The NIH Office of Co-Production, co-led by patient advocates (PA) and NIH personnel, should be established with the following key programs:
- A Resources and Training Program that trains patient advocates and researchers, both separately and together, so they can understand and work together as collaborators. This work would include helping researchers develop understanding about the communities affected by diseases they are investigating, relationship-building strategies, and ways to address power differentials, and helping patient advocates gain understanding about research processes, including understanding disease pathogenesis, different mechanisms of action and targets for research, and clinical research processes including regulatory requirements and ethical considerations. PAs could also be trained to qualify to serve on Data and Safety Monitoring Boards (DSMB).

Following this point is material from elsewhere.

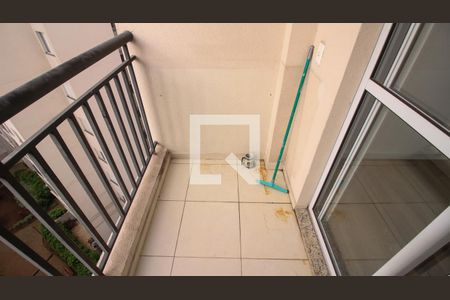 Varanda Sala de apartamento para alugar com 2 quartos, 51m² em Vila Ivone, São Paulo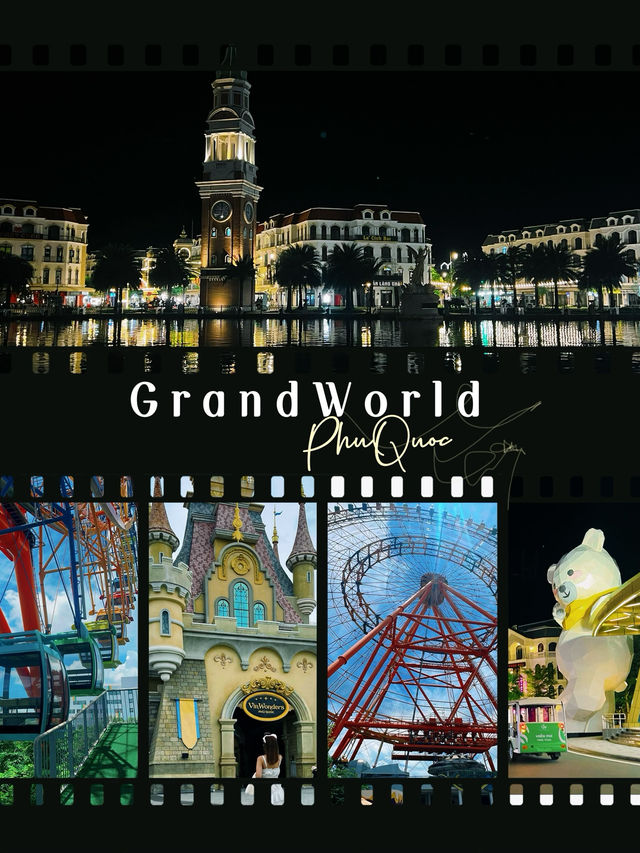 แนะนำที่เที่ยว GrandWorld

- A Patient Advocate Advisors Management Program that would manage the placement of PAs into community advisory bodies, into advisory roles to NIH institutes’ major initiatives, onto ethical advisory bodies, onto DSMBs, onto peer review committees and study sections, and onto key long-range planning bodies, including those determining research prioritization.
- A Co-Production Principles and Practice Program led by a senior team of PAs and advisors that coordinates, organizes, and facilitates cross-disease understanding and solidarity and establishes basic principles for patient advocate engagement, grant requirements, and ongoing assessment of the quality of co-production and relational infrastructure. This program will focus on key principles such as:
- Sharing of power – the research is jointly owned and people work together to achieve a joint understanding
- Including all perspectives and skills – make sure the research team includes all those who can make a contribution
- Respecting and valuing the knowledge of all those working together on the research – everyone is of equal importance
- Reciprocity – everybody benefits from working together
- Building and maintaining relationships – an emphasis on relationships is key to sharing power. There needs to be joint understanding and consensus and clarity over roles and responsibilities. It is also important to value people and unlock their potential.
- A Communications, Planning, and Policy Program that works with the NIH director and institute directors to advocate for mutual goals to advance the public engagement mission of the NIH and its institutes.
- A Grantmaking Program that can pilot the expansion and scaling of NIH-sponsored Co-Production Cores and support the involvement of patient advocates in NIH-funded research across the country through equitable participation and standard compensation policies.
Creating an Office of Co-Production would achieve the following goals:
- It would address the growing gulf between the public, who ultimately fund biomedical research with their tax dollars, and researchers by directly and meaningfully engaging patient advocates in biomedical and clinical science. Co-production builds relationships and trust as it requires that relationships are valued and nurtured and that efforts are made to redress power differentials.
- By working early and often with patient populations around treatments, co-production helps medical scientists better anticipate and address risk early in the research process.
- It would institutionalize a known model for collaborative research that efficiently uses research dollars. During the HIV/AIDS crisis, rapid advances in biomedical and clinical research were made possible by patient advocate involvement in trial design, recruitment, and analysis.
- The NIH Center would create a replicable model of institutional support for co-production that can be scaled across the federal R&D agencies. The NIH should regularly report on the progress made by the Center for Co-Production to encourage replication in other agencies that can benefit from increased public participation.